▶ **Problem requirements**:
Please give all of the data again, character for character, and drop the pictures.

Captioned web image data:
○ ○ ○ ○ ○ ○ ○
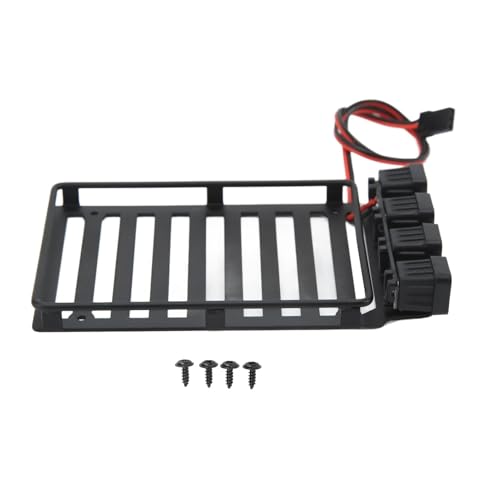 RC Roof Rack Luggage Carrier with 4 LED Lights RC Car Rack Lights Luggage Rack for Axial SCX24 1/24 RC Crawler Accessories (Quadrate Lamp) - size: Quadrate Lamp
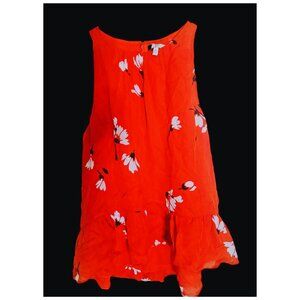 ✨ Joie Red Silk Dress Top – Size XS – White Floral Pattern – 100% Silk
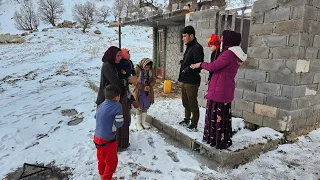 Saving Susan and her children by Rasul and Narges in heavy snow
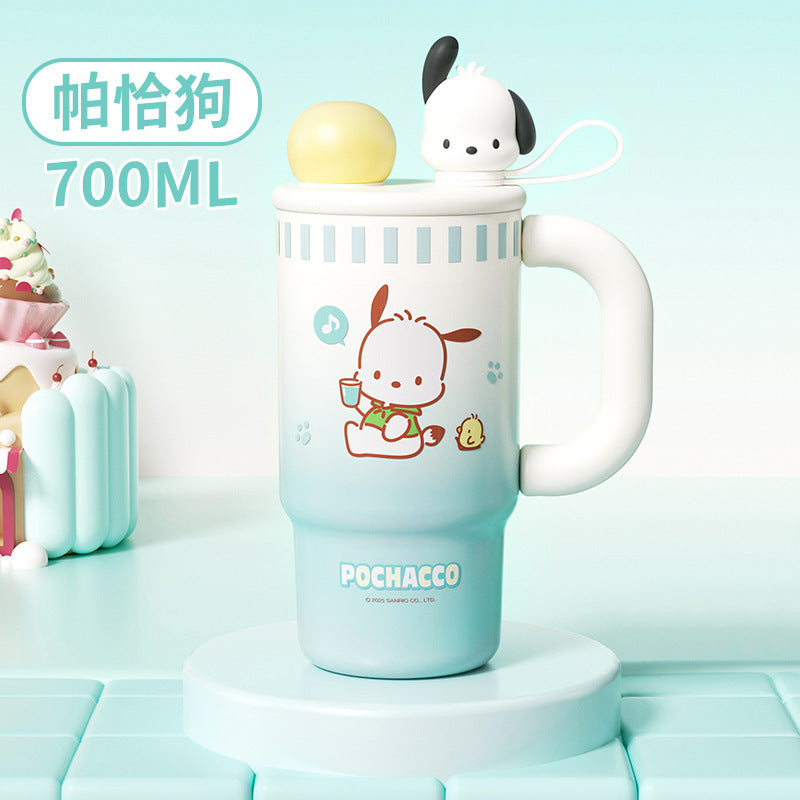 Sanrio Family Gradient Ice Master Cup – Double-Drink Independent Doll Design with Carry Ring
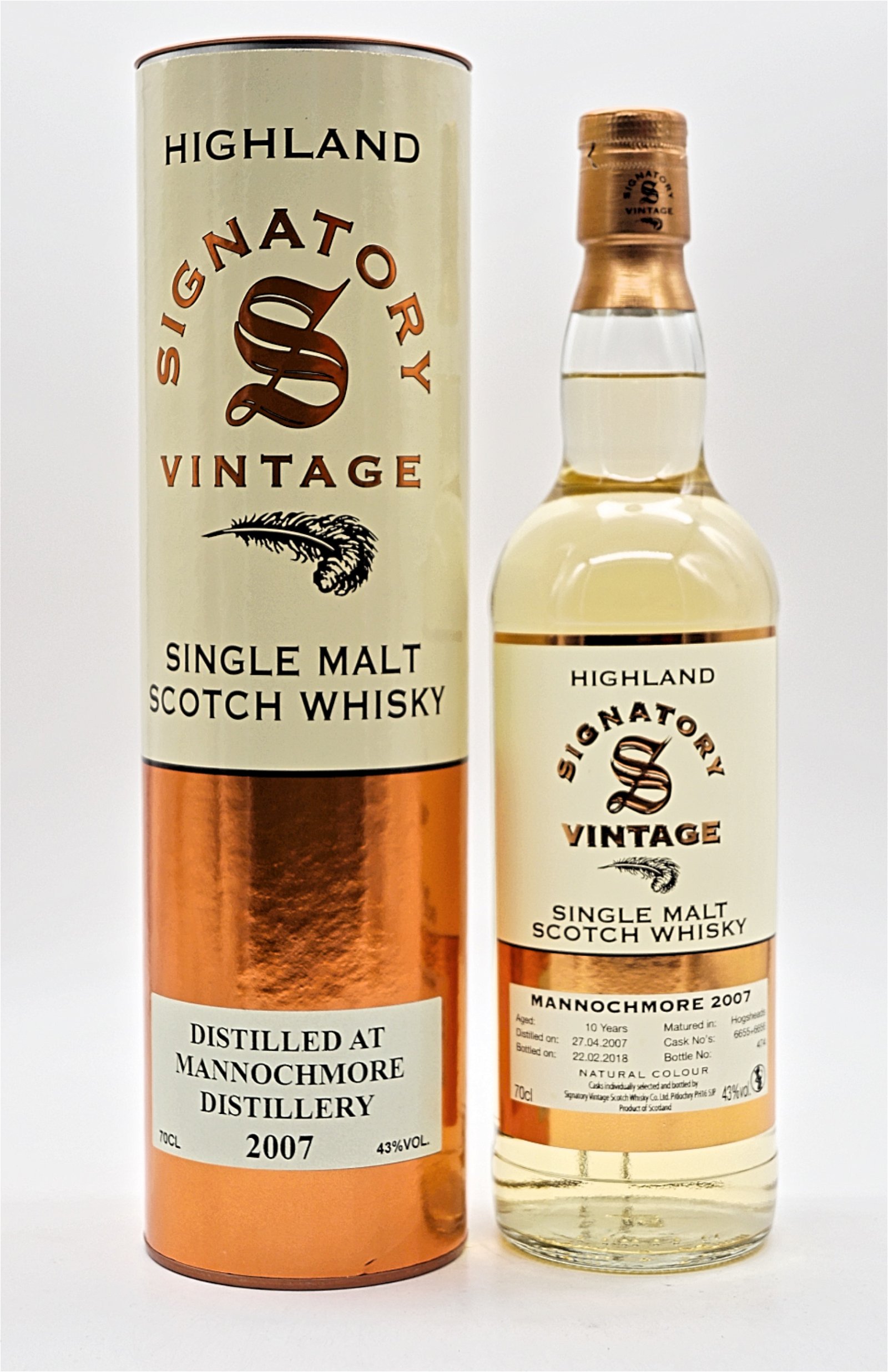 Signatory Vintage Single Malt Scotch Whisky Mannochmore Distillery 2007/2018 Cask 6655+6656 474 Fl.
○ ○ ○ ○ ○ ○ ○
▶ **Written reply**:
 RC Roof Rack Luggage Carrier with 4 LED Lights RC Car Rack Lights Luggage Rack for Axial SCX24 1/24 RC Crawler Accessories (Quadrate Lamp) - size: Quadrate Lamp
 ✨ Joie Red Silk Dress Top – Size XS – White Floral Pattern – 100% Silk
 Saving Susan and her children by Rasul and Narges in heavy snow
 Sanrio Family Gradient Ice Master Cup – Double-Drink Independent Doll Design with Carry Ring
 Signatory Vintage Single Malt Scotch Whisky Mannochmore Distillery 2007/2018 Cask 6655+6656 474 Fl.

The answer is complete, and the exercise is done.